First things first, congratulations to the winners of the pub quiz, Ali, Yaz, Jake and Luke, despite stating the area of Tenerife to be 280,000km². For reference, the area of the UK is only 243,610 km². The quiz was Tenerife themed, but it was varied. Other questions included:
-What is the Latin name of the Tenerife bumblebee (Bombus terrestris canariensis)
-What birds pollinate the bell flower (the chiffchaff and the chaffinch)
-What does Mount Teide mean (the Devil)
-In what division do Tenerife play in football (second, apparently)
Half the groups didn’t even bother answering this last question, because they weren’t sure whether the answer should be a number or a word. To be fair, that’s more forgivable than a question raised by a certain zoologist ‘what species is a Metapod?’ It’s a Pokemon, Imogen Cooke.
The next morning, we relocated to another hostel in the mountains, where we spent 2 days collecting data for our group research projects and getting footage for our videos. We have come up with a variety of projects among us, including observational studies on pollinators relating to island biogeography, choice experiments involving lizards (‘these lizards are frugivores… but we fed them peanut butter’) and projects about plants’ adaptations to different environmental conditions- these ones were good because if the data wasn’t interesting we could just leaf it out. At the end of the first project day we gave our assessed presentations, demonstrating perfect time-keeping skills that pleased Juliet greatly. It was touch-and-go for a second when the Crustacean Sensations stated that their research (an investigation into hermit crab boldness) was of wider scientific importance ‘because it’s worth 10% of our grade’, but they were quick to assure us they had some better reasons too.
In the evening we had two short lectures, the first being from Tom about cetaceans (whales and dolphins) that can be seen around the island.

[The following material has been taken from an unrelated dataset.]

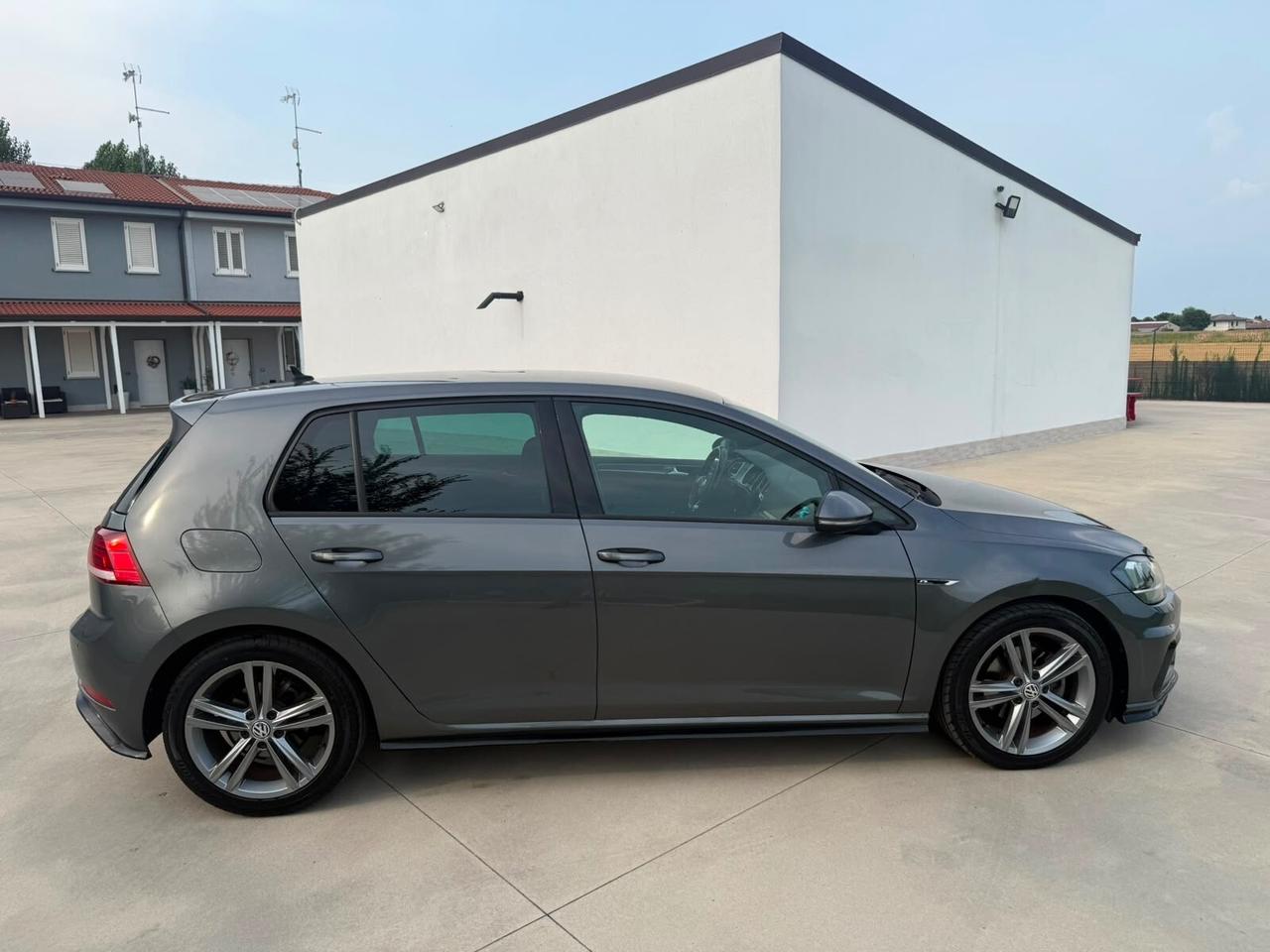 Volkswagen Golf 7.5 1.6 TDI R-LINE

The most commonly seen cetaceans are short-finned pilot whales, common dolphins, and bottlenose dolphins, but there have been humpback whales and orcas sighted in the past! Jason gave his first ever lecture about sea birds, touching on their adaptive counter-colouration, wing morphology and flying techniques, and their impressive migratory and navigational abilities. Did you know that recent research has found swifts to fly for up to 300 days without landing once? COOL!
Today was the day we’ve all been waiting for: whale watching day! And now we knew how to identify anything if we were lucky enough to see it. The sun was shining when we all clambered out of the minibuses at the harbour, and we were quick to change into shorts and sun cream up. It wasn’t long before we were on the boat, speeding towards a group of short-finned pilot whales. They swam right up alongside us, which was whaley fin-tastic, and dolphin-ately more than we’d expected. Nobody spotted a Zino’s petrel, which is good news for Jason, who promised to buy us all drinks for life if we did. Better luck next year, kids.
Jason pointed out yellow-legged gulls and ospreys on the way back to the marina, and Tom explained that the vertical streaks in the cliffs were formed when magma was forced up through the existing rock with high pressure from below. I have to say, this trip has changed my opinion of sea birds and rocks.